Parliament of India
- Long title An Act to provide for the levy of gift-tax. ;
- Citation: Act No. 18 of 1958
- Territorial extent: whole of India
- Enacted by: Parliament of India
- Enacted: 15th May 1958
- Effective: 1 April 1958
- Abrogated: 1 October 1998

= Gift-tax Act, 1958 =

The Gift-tax Act, 1958 was an Act of the Parliament of India which was enacted to impose tax on the act of giving or receiving gifts under certain circumstances as specified by the Act.

==Charges of Gift Tax==

As per the Gift Tax Act, the gifts that exchanged hands post 1 April 1958 were subject to taxes as mention in Schedule I. Post 1 April 1987, this was amended to the rate of 30% (Thirty percent) and included gifts that were made in that particular Assessment Year. On 1 October 1998 however, the applicability of Gift Tax ceased to exist.

As per the Gift Tax Act 1958, gift (in the form of cash, draft, check or others) is an excess of Rs. 50,000/- received from one who doesn’t have any blood relations with the donee, were taxable.
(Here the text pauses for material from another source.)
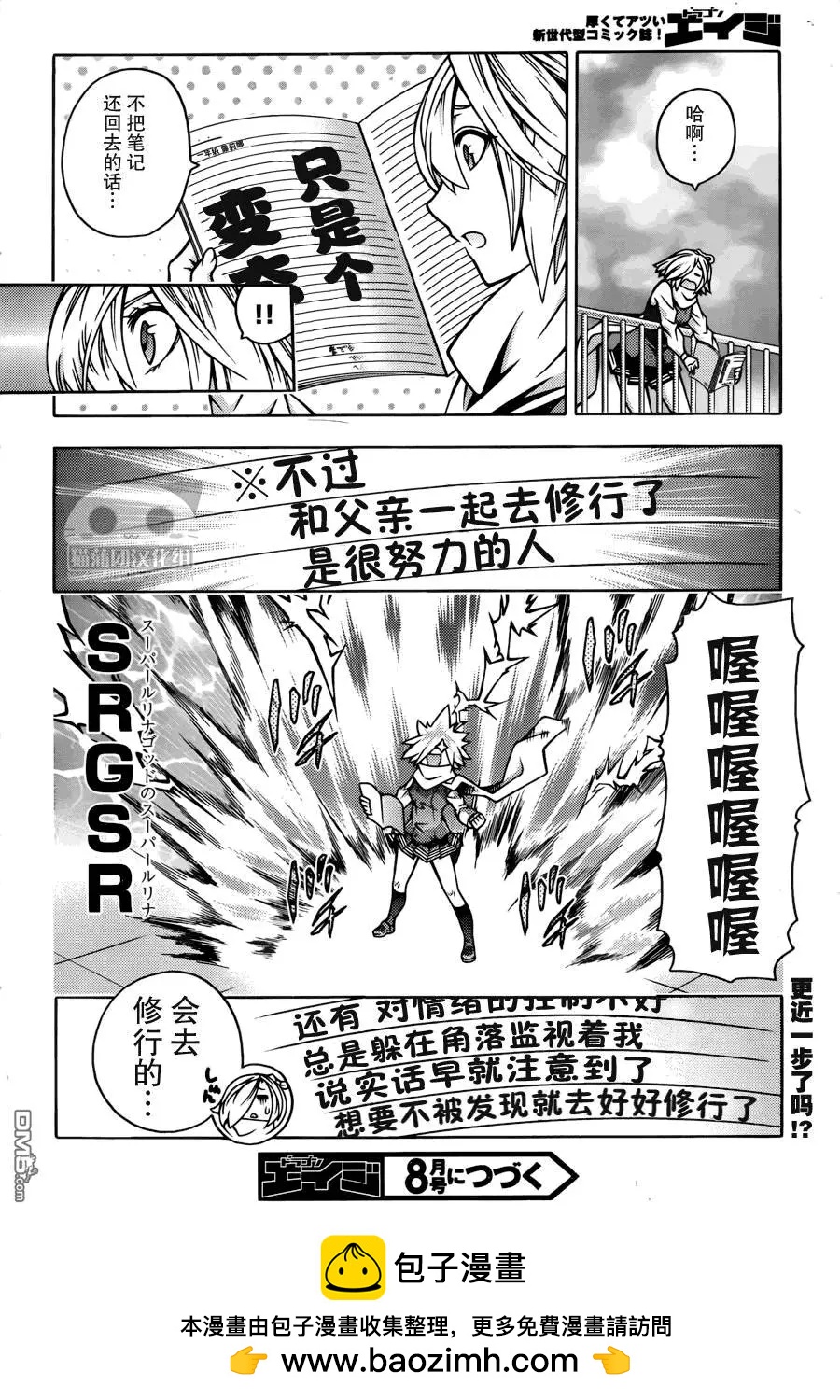 龙的争乱 - 番外篇3 - 第9张图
However, from 1 October 1998, Gift Tax got demolished and all the gifts made on or after that date were Tax-free. But in 2004, the Gift Tax Act was again renewed partially, and a new provision was inaugurated in the Income Tax Act 1961 under Section 56 (2). According to Gift Tax Act, 1961 the gifts received by any individual or HUF more than ₹50 thousand in a year would be taxable.

==Exemptions==

There were certain exemptions that were allowed under the Gift Tax. In case of the exchange of gifts between blood relatives, irrespective of the value of the gift, Gift Tax was not applicable. Gift Tax was also not applicable in case of the transfers of immovable property that were situated outside the country. Gifts that were received from relatives for marriage, including gifts to the daughter in law from the bridegroom’s parents, and gifts to the son in law from the bride’s parents were also exempt from tax. Gifts received through a will or through inheritance as well as gifts to parents from their NRI sons and daughters through their NRE account were also under the Gift Tax exempt list.
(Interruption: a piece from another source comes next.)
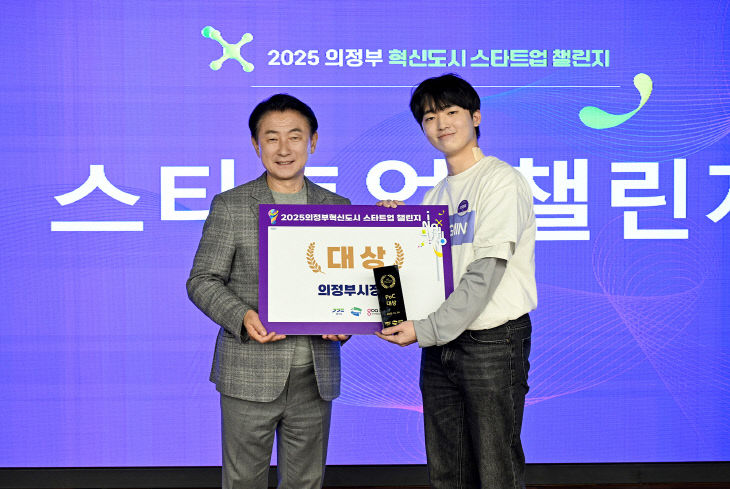 1.기업투자유치과([기획]의정부시, ‘2025 혁신도시 스타트업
== Today's law and regulations ==
As of now, gifts under the value of 50,000 are exempted from taxes. If value of a gift is above 50,000, the value would be added to your income and tax would have to be paid as per the slab of your income. If value of gift is above 50,000 , entire value would be added to your income; in simple terms, a gift of Rs. 49000 would not be taxable, while one of 75000 would be taxable to its full amount (and not merely 25000).
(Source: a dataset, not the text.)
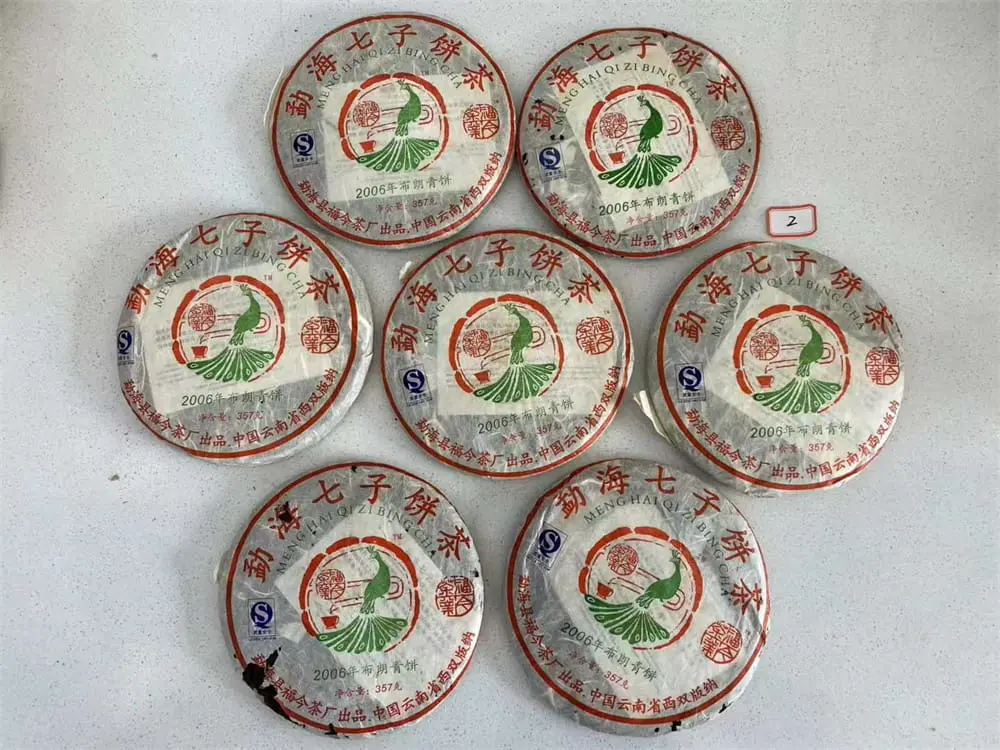 银川回收福今普洱茶2006年生茶熟茶图2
However, gifts forwarded to blood relatives are exempted from taxes, such as father, mother, sister or brother.

Gifts received from multiple sources are summed up. If you receive 43000 from A and 25000 from B, the value of gift received is 68000. Though each of the two gifts specifically are not taxable, but finally, the sum of 68000 would have to be shown as taxable income.